[WHAT NEEDS TO BE DONE]
In the entries that follow, find the line containing "Sello Postal Vintage" and the line containing "Fenza iPhone 17", then retype exactly the lines from the first through the second, pictures excluded.

[RECORD EXCERPTS]
- - - - - - -

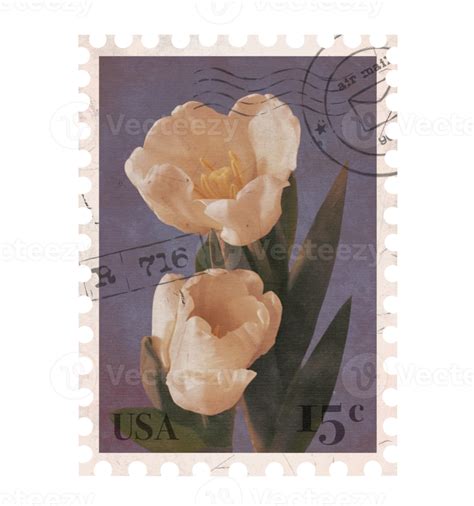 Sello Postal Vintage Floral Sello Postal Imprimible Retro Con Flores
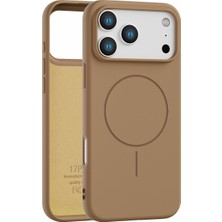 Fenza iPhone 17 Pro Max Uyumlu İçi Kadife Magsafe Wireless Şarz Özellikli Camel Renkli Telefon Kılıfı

- - - - - - -

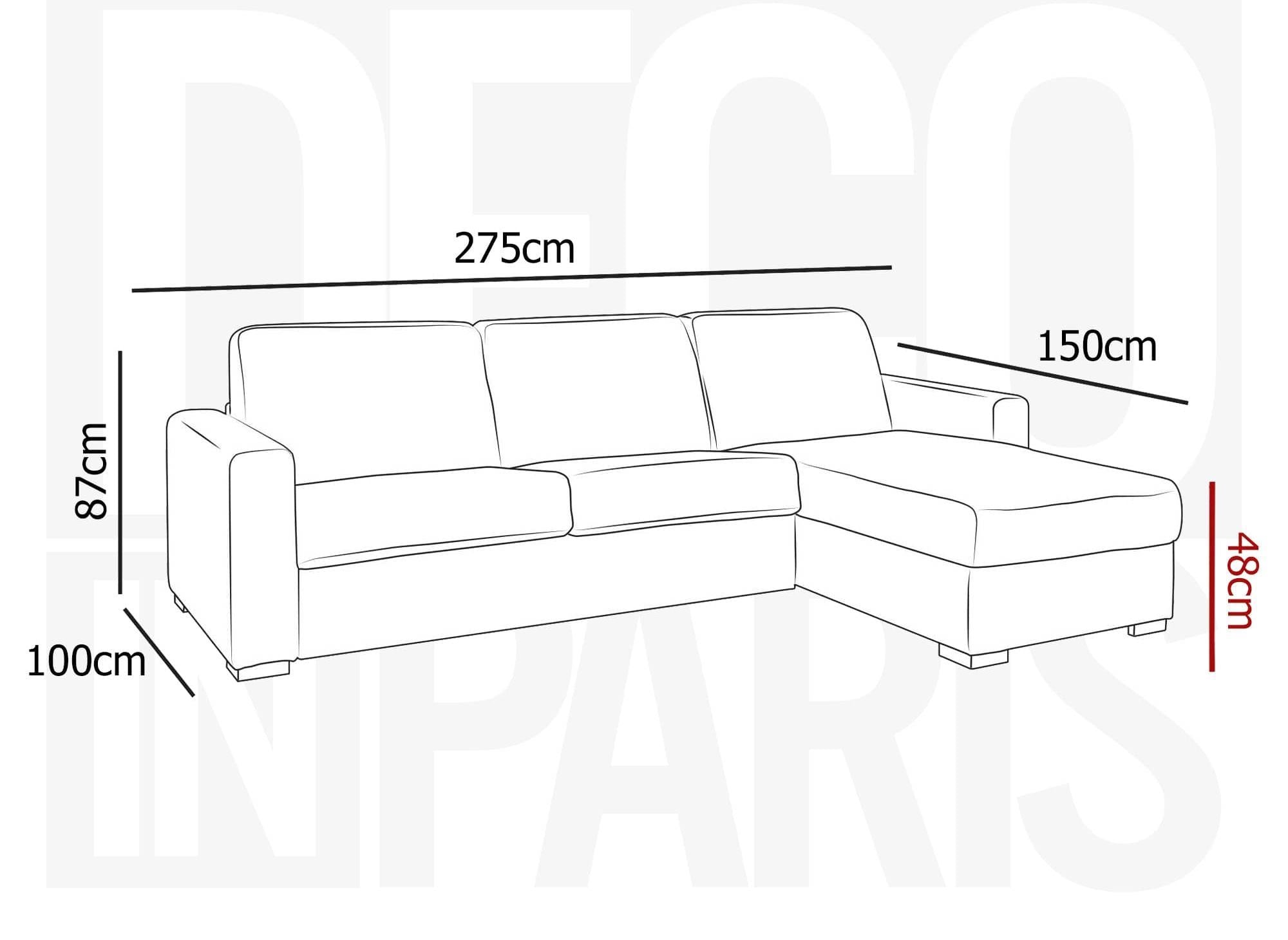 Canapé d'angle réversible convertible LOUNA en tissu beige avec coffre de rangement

- - - - - - -

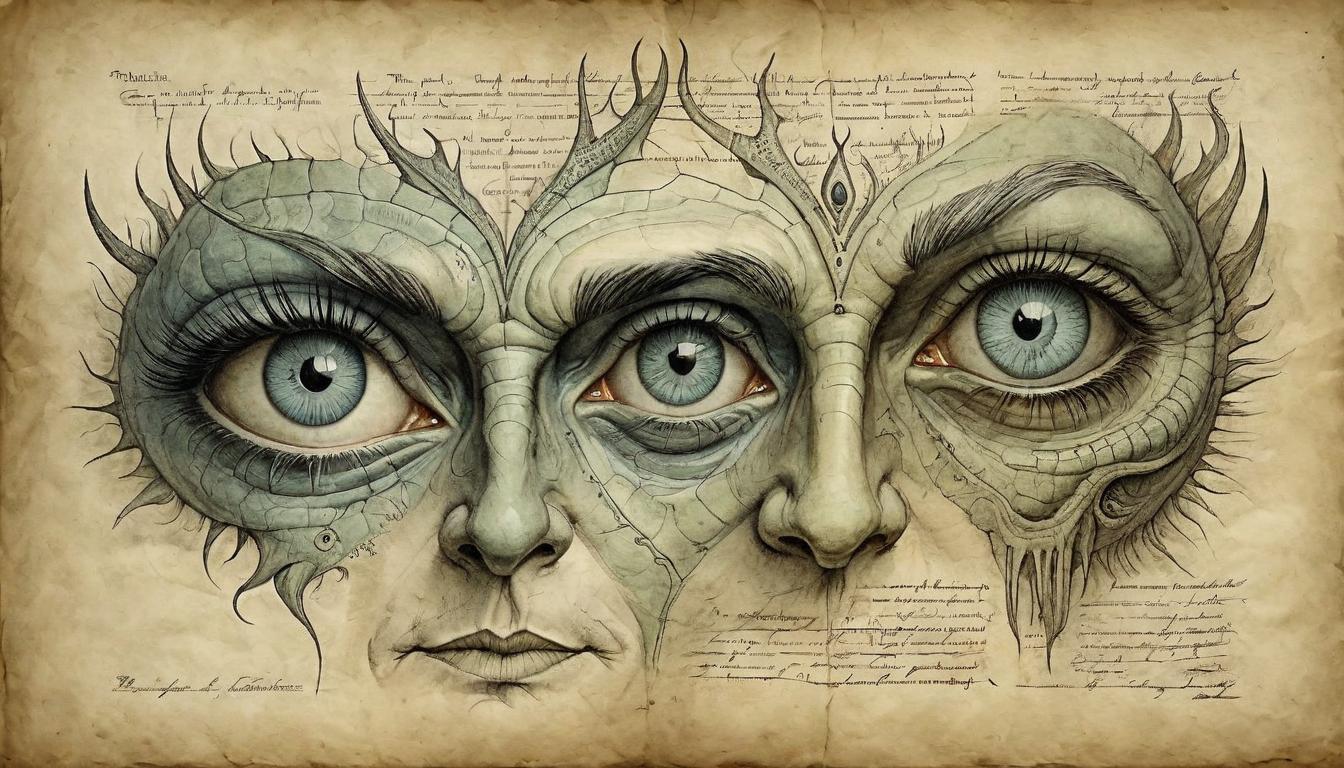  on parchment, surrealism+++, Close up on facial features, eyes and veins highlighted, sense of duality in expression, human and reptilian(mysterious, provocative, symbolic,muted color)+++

- - - - - - -

[ANSWER AREA]
 Sello Postal Vintage Floral Sello Postal Imprimible Retro Con Flores
 Fenza iPhone 17 Pro Max Uyumlu İçi Kadife Magsafe Wireless Şarz Özellikli Camel Renkli Telefon Kılıfı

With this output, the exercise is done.